## WORK ITEM:
Exact copy, no pictures: return only the lines below from the line with "Liga Taekwondo Dla" up to and including the line with "Image of Invincible".
+++ DATA IN THIS EXERCISE +++
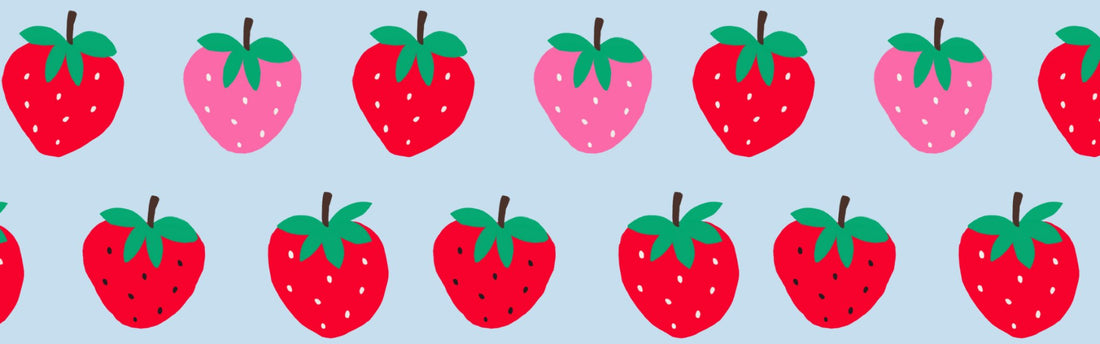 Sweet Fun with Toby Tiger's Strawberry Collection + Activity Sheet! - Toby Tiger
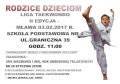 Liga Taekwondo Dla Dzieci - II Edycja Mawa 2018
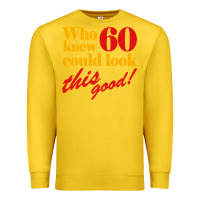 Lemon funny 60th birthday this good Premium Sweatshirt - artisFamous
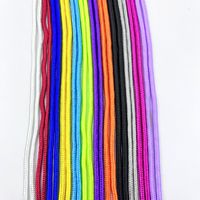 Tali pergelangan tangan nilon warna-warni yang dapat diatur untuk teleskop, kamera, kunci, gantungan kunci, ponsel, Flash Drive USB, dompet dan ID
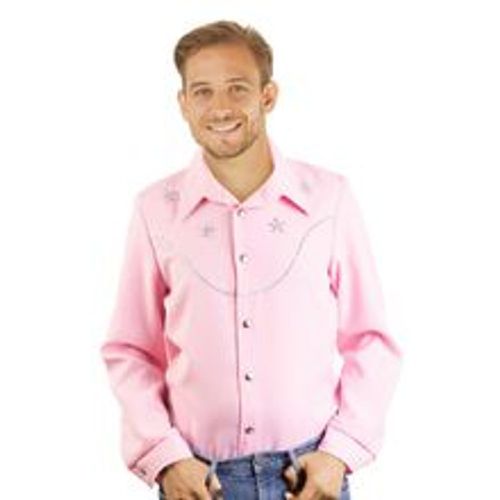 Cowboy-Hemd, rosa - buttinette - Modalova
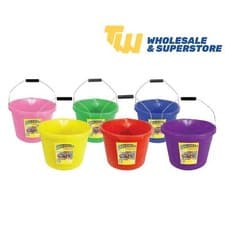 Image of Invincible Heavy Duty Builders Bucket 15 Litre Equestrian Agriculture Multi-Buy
+++
+++ DATA IN THIS EXERCISE +++
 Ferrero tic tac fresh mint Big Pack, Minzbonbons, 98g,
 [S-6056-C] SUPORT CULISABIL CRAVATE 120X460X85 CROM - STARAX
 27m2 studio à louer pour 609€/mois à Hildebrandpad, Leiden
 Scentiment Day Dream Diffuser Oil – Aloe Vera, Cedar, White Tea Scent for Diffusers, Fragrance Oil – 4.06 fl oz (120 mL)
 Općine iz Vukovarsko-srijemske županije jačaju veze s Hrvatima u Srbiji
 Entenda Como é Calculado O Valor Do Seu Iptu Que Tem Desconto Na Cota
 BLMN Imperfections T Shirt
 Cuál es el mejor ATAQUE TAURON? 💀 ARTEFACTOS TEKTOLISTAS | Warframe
+++
+++ DATA IN THIS EXERCISE +++
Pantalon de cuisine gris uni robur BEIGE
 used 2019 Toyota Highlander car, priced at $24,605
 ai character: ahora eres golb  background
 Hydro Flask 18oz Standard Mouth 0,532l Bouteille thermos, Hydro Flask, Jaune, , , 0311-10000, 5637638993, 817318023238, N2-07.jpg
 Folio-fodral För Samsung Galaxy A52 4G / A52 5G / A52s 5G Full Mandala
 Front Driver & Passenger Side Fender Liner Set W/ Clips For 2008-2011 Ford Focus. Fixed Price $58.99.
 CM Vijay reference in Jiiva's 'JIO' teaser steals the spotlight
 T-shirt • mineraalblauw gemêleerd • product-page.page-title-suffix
+++
## WRITTEN ANSWER:
 Liga Taekwondo Dla Dzieci - II Edycja Mawa 2018
 Lemon funny 60th birthday this good Premium Sweatshirt - artisFamous
 Tali pergelangan tangan nilon warna-warni yang dapat diatur untuk teleskop, kamera, kunci, gantungan kunci, ponsel, Flash Drive USB, dompet dan ID
 Cowboy-Hemd, rosa - buttinette - Modalova
 Image of Invincible Heavy Duty Builders Bucket 15 Litre Equestrian Agriculture Multi-Buy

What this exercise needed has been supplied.